Hacker News new | ask | show | jobs
by zozbot234 439 days ago
> which may cause an invariant to break, thus potentially causing memory unsafety in whatever required that invariant

By that standard anything and everything might be tainted as "unsafe", which is precisely GP's point. Whether the unsafety should be blamed on the outside code that's allowed to create a 0-valued NonZero<…> or on the code that requires this purported invariant in the first place is ultimately a matter of judgment, that people may freely disagree about.

3 comments

EDIT: A summary of this is that it is impossible to write a sound std::Vec implementation if NonZero::new_unchecked is a safe function. This is specifically because creating a value of NonZero which is 0 is undefined behavior which is exploited by niche optimization. If you created your own `struct MyNonZero(u8)`, then you wouldn't need to mark MyNonZero::new_unchecked as unsafe because creating MyNonZero(0) is a "valid" value which doesn't trigger undefined behavior.

The issue is that this could potentially allow creating a struct whose invariants are broken in safe rust.
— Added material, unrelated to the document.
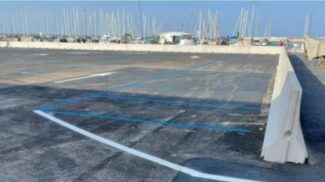 parcheggio-nellarea-portuale-davanti-al-Club-Vela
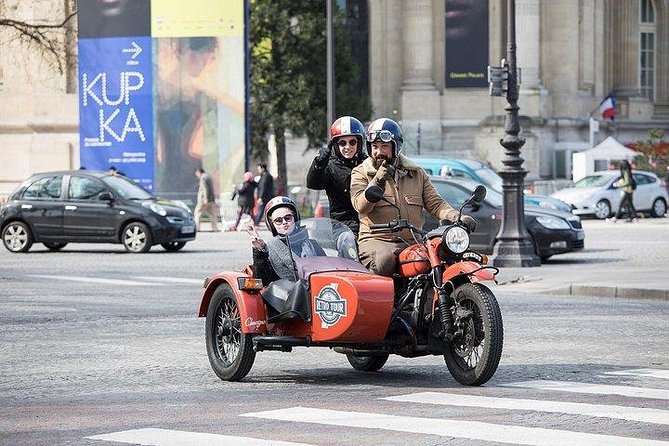 Paris Vintage Sidecar Tour – Emily in Paris highlights - The sidecar ride setup: seating, switching, and how to hold on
This breaks encapsulation, which means modules which use unsafe code (like `std::vec`) have no way to stop safe code from calling them with the invariants they rely on for safety broken. Let me give an example starting with an enum definition:

  // Assume std::vec has this definition
  struct Vec<T> {
    capacity: usize,
    length:   usize,
    arena:    * T
  }
  
  enum Example {
    First {
      capacity: usize,
      length:   usize,
      arena:    usize,
      discriminator: NonZero<u8>
    },
    Second {
      vec: Vec<u8>
    }
  }
Now assume the compiler has used niche optimization so that if the byte corresponding to `discriminator` is 0, then the enum is `Example::Second`, while if the byte corresponding to `discriminator` is not 0, then the enum is `Example::First` with discriminator being equal to its given non-zero value. Furthermore, assume that `Example::First`'s `capacity`, `length`, and `arena` fields are in the in the same position as the fields of the same name for `Example::Second.vec`. If we allow `fn NonZero::new_unchecked(u8) -> NonZero<u8>` to be a safe function, we can create an invalid Vec:

  fn main() {
    let evil = NonZero::new_unchecked(0);
  
    // We write as an Example::First,
    // but this is read as an Example::Second
    // because discriminator == 0 and niche optimization
    let first = Example::First {
      capacity: 9001, length: 9001,
      arena: 0x20202020,
      discriminator: evil
    }

    if let Example::Second{ vec: bad_vec } = first {
      // If the layout of Example is as I described,
      // and no optimizations occur, we should end up in here.

      // This writes 255 to address 0x20202020
      bad_vec[0] = 255;
    }
  }
So if we allowed new_unchecked to be safe, then it would be impossible to write a sound definition of Vec.
Yeah, anything can (and should) be marked unsafe if it could lead to memory safety problems. And so if it potentially breaks an invariant which is relied on for memory safety, it should be marked unsafe (conversely, code should not rely on an unchecked, safe condition for memory safety). That's basically how it works, Rust has the concept of unsafe functions so that libraries can communicate to users about what can and can't be relied on to keep memory safety without manual checking. This requires a common definition of 'safe', but it then means there isn't any argument about where the bug is: if the invariant isn't enforced by the compiler in safe code, then other code should not rely on it. If it is, then the bug is in the unsafe code that broke the invariant.
> Whether the unsafety should be blamed on the outside code that's allowed to create a 0-valued NonZero<…> or on the code that requires this purported invariant in the first place is ultimately a matter of judgment, that people may freely disagree about.

It's not, though. NonZero<T> has an invariant that a zero value is undefined behavior. Therefore, any API which allows for the ability to create one must be unsafe. This is a very straightforward case.